5 : Tu as sauté le pas récemment en tant qu’auteur de ton propre univers (après le travail de créa pour la voix de Rokugan) et l’accueil du projet (rappelons le, l’Empire des cerisiers⁴ {l’EdC}, pour les trois du fond collés au radiateur qui ne suivent pas) a été plutôt chaleureux par la frange de rôlistes qui suivent les différents Financements Participatifs…ça doit pas mal changer du travail de commande, ça fait quel effet, pas trop de pression ?

Ouais l’accueil qui a été réservé au projet était énorme! Encore merci à tous ceux qui ont fait de ce Financement un succès et surtout une expérience humaine formidable! Alors oui très clairement ça change radicalement du travail de commande. C’est à la fois génial, très clairement on va là où on veut aller et là dessus, Mathieu, mon éditeur (Mathieu Saintout – Arkhane Asylum Publishing), m’a laissé une liberté totale. Mais c’est aussi un autre degré de pression. Donc oui j’ai eu de gros moments de stress, des moments de doutes, par paquets, beaucoup d’appréhension et c’est toujours le cas. J’ai un mal fou à prendre du recul sur mon travail, je doute énormément, que ce soit un travail de commande ou pas. Et même quand je sais très bien que j’ai rendu quelque chose de bien, j’attend les retours avec pas mal d’angoisse. Je crée bien entendu pour moi, parce que créer c’est pour moi vital, mais ma création n’a de sens que si elle est partagée, de fait le regard de l’autre sur celle-ci est très important. Concrètement, et c’est certainement très égocentré, j’aimerais que mon taf plaise à tout le monde.

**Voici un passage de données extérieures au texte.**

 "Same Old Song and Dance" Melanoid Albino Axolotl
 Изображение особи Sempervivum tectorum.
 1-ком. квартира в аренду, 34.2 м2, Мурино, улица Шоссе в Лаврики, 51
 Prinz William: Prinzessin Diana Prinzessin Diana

Mais, outre le fait que j’ai encore tellement de progrès à faire, je me doute bien que ça voudrait dire sacrifier une part de ce que je suis ou de ce que je veux transmettre. Et ça c’est hors de question. J’ai parfois des choses à dire, des choses à mettre dans mon travail, et sur certaines, il n’y a pas de concessions envisageables. Et cette conviction s’est affirmée avec le temps et à mesure que j’évolue. Du coup on s’expose c’est certain, et de fait on attend la critique bonne ou mauvaise avec attention, beaucoup d’intérêt et ouais un peu de crainte c’est sûr (rires).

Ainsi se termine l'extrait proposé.